PROJECT SUMMARY
Over 1.5 million US adults are diagnosed with type 2 diabetes (T2D) each year. These newly diagnosed
individuals are at increased risk of developing debilitating complications, including renal disease, strokes, and
myocardial infarctions. However, individuals differ widely in their likelihood of experiencing these adverse
outcomes. Individual risk varies based on a complex interplay between pathophysiology, responsiveness to
treatment, and patient capacity for self-management and making sustained lifestyle changes. Early T2D
glycemic control provides a lasting benefit ("metabolic memory"); therefore, strategies that enable the
effective targeting and tailoring of T2D care starting in the initial period after diagnosis may result in
better long-term health outcomes. Implementing individually-tailored care strategies requires substantially
more effective risk prediction tools than are currently available. This R21 proposal seeks to apply advanced
analytic prediction modeling methods to a rich source of electronic health record (EHR)-derived clinical data
(assessed at the time of initial diagnosis and after a year of standard management) to define individual patient
risk profiles. These patient risk profiles will incorporate differences in disease physiology (e.g., reflected in
factors such as age, BMI, hemoglobin A1c at diagnosis), treatment responsiveness, and early self-
management results (e.g., medication adherence, weekly exercise levels, weight loss). This R21 leverages an
established, well-characterized cohort of adults with incident, newly-diagnosed T2D (n=67,575) within Kaiser
Permanente Northern California. We will apply advanced machine learning-based modeling methods (e.g.,
random forests, LASSO, extreme gradient boosting) to complete the following Aims: 1) Develop and validate a
predictive model using EHR-derived patient data available at T2D diagnosis to identify patients at increased
risk of suboptimal glycemic control over the five years following diagnosis and 2) Modify the Aim 1 model by
incorporating clinical predictors captured during the first year following T2D diagnosis.
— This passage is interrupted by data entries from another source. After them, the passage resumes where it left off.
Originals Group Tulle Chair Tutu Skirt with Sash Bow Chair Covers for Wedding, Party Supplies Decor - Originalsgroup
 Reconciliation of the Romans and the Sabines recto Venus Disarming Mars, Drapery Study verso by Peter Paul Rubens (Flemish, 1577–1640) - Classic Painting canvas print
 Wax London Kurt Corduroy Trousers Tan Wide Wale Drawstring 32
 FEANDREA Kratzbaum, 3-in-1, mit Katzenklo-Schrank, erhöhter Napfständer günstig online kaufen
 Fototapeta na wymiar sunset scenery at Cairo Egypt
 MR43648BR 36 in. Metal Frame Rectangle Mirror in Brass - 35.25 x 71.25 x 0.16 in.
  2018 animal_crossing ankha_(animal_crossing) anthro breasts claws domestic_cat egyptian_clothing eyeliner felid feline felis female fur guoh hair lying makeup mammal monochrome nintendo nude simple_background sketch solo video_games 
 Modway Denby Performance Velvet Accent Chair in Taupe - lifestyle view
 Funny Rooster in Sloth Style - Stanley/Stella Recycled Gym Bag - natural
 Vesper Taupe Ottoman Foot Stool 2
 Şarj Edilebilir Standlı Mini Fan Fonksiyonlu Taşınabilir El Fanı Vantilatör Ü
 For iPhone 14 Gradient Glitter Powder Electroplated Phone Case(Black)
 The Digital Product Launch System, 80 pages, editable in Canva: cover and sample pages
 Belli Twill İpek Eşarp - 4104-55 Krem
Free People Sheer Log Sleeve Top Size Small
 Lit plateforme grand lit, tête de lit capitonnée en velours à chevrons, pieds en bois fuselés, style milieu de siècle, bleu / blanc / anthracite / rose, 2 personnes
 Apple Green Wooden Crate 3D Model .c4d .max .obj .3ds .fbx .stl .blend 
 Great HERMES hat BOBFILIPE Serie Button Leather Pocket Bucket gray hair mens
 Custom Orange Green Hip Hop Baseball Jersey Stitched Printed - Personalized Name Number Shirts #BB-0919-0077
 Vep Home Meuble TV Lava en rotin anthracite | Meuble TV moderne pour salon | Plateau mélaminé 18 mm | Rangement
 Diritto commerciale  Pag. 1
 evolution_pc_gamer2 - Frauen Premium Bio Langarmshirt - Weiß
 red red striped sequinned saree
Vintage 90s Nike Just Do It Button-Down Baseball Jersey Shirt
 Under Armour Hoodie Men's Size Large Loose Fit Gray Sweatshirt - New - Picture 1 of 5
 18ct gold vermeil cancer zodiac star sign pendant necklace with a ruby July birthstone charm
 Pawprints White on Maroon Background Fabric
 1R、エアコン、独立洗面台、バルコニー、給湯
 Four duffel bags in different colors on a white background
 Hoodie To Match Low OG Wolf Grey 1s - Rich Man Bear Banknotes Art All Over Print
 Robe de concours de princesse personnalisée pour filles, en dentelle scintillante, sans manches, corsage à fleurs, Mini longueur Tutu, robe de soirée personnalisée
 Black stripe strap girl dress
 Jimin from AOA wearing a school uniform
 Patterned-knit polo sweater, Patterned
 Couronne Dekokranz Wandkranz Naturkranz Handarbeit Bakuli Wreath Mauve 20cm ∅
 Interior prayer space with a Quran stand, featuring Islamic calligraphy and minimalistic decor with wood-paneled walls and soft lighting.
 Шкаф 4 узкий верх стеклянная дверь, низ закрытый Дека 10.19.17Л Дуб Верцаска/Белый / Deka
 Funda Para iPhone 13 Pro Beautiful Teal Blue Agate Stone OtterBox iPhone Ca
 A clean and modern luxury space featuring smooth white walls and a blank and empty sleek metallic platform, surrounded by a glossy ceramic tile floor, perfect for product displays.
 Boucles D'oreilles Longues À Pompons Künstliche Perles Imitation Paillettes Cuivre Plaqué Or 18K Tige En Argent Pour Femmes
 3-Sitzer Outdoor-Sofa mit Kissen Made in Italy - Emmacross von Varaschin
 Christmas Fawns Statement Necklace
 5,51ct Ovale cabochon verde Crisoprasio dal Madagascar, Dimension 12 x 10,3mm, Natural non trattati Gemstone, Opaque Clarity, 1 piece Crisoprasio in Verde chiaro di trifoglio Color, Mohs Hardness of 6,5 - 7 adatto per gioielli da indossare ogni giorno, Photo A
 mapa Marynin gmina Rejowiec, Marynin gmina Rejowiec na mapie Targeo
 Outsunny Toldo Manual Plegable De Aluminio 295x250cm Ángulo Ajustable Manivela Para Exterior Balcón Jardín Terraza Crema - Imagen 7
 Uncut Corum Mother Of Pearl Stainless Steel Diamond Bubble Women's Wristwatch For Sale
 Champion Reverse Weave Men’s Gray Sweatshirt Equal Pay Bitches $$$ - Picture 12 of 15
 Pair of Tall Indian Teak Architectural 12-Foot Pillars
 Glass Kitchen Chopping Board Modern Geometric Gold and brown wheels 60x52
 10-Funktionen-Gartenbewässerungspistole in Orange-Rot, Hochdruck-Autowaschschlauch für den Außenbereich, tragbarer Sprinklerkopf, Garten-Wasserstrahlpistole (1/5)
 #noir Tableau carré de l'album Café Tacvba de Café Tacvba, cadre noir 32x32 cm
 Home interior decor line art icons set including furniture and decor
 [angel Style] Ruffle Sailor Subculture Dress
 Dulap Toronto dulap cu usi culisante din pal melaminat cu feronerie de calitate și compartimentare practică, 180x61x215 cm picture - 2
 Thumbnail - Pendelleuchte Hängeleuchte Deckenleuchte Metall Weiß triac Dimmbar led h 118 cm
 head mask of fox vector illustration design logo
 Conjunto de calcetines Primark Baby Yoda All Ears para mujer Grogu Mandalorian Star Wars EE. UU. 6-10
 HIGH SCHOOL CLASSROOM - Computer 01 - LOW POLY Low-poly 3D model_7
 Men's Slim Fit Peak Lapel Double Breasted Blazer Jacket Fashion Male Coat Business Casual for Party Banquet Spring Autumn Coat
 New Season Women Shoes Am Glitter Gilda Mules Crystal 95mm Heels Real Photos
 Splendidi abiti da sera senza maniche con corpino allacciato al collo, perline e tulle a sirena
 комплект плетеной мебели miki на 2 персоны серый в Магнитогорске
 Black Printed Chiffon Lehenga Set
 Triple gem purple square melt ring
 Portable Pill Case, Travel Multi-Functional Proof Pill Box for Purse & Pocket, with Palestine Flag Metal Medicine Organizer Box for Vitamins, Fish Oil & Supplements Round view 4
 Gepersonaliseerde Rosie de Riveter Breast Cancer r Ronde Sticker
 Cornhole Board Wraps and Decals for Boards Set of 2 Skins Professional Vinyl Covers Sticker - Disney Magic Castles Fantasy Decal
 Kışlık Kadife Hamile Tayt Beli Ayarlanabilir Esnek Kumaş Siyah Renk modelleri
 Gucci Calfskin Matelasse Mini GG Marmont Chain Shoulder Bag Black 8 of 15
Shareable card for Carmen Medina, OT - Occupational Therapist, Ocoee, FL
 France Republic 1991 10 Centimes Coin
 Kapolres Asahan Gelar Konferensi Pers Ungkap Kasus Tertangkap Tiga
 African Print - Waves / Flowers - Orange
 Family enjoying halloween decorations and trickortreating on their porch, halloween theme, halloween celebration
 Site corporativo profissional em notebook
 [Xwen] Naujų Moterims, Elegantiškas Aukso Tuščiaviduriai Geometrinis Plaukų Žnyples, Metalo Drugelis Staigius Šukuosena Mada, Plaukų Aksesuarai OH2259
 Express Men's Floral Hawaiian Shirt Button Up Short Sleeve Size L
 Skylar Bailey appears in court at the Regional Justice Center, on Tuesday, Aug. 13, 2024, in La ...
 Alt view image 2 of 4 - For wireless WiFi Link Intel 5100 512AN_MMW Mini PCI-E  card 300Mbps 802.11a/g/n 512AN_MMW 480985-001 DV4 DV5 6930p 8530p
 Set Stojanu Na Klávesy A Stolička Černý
We hypothesize that the
unique information available at these two time points (i.e., initial diagnosis and after one year of standard
treatment) can be used to individualize both initial and subsequent early care for patients with newly diagnosed
T2D. If successful, this project's results can be applied to support targeted T2D care strategies tailored to each
individual's risk of suboptimal five-year glycemic control (and later micro and macrovascular complications)
based on differences in disease physiology, treatment response, and early self-care. This work will form the
foundation for innovative, pragmatic clinical trials that advance our ultimate goal of providing proactive and
effectively tailored early care that results in better long-term health outcomes for adults with T2D.